The recipe for Talladega Superspeedway’s late-race “big one” – impatient drivers maneuvering their cars sometimes three-wide at 200 mph as the finish line looms – wasn’t cooked up Sunday during the Geico 500.
Instead, Dale Earnhardt Jr. closed out the race with a mostly well-behaved single-file line trailing behind him. Only a few final-lap spins – “little ones’’ – by Carl Edwards and Denny Hamlin disturbed the order.
“It was weird to see a single-file line that long,” said runner-up Jimmie Johnson. “But I was just protecting.”
There was a significant accident earlier in the race, when Kurt Busch took the air off Trevor Bayne’s rear end on Lap 47, causing a 14-car dust-up.
But after that, there was nothing that remotely resembled the big one, a wreck that’s become famous at Talladega, which, at 2.67-miles, is NASCAR’s longest, fastest and most treacherous track.

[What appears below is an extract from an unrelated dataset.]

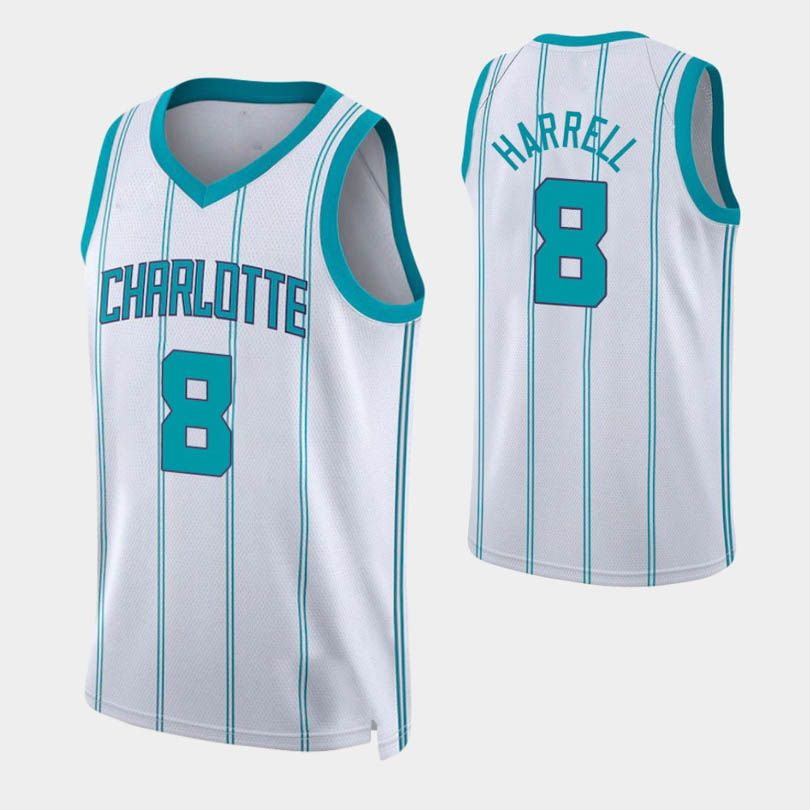 NBA_ Jersey Wholesale Custom Charlotte''Hornets''Miles Bridges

As the race wound down, a single line of cars at the top of the track dutifully followed Earnhardt, headed by Johnson, with Blaney and Hamlin behind. Pulling out of the line and trying to pass wasn’t necessarily an aerodynamically good idea. At Talladega, that means a driver will drop several spots unless another competitor goes with him.
That went on for several laps, until Hamlin decided to make his move. It didn’t work, but it also wasn’t as catastrophic as many wrecks at Talladega often are.
“You’re just protecting your running position,” said rookie Ryan Blaney, who finished fourth. “You don’t want to go out (and try and to pass) too soon, because you don’t know if anybody is going to go with you.”
Johnson said he was going to wait until the final lap to make a move on Earnhardt. But when Hamlin went, Johnson had to protect himself, playing defense. That essentially ended any chances he had of winning.
“I think everybody was just protecting,” said Johnson. “It’s just weird to see one unfold and you stay single file that long. It’s mind-boggling. I knew my best chance was making a move off of (turn) 4. Denny made his move the lap before on Ryan going into three. Our energy of our draft died out and there wasn’t any opportunity.”
All of which was fine with the race winner.
“I was definitely happy there was a single file for those last 20 laps,” said Earnhardt. “That meant that I only had to worry about one lap: the final one.”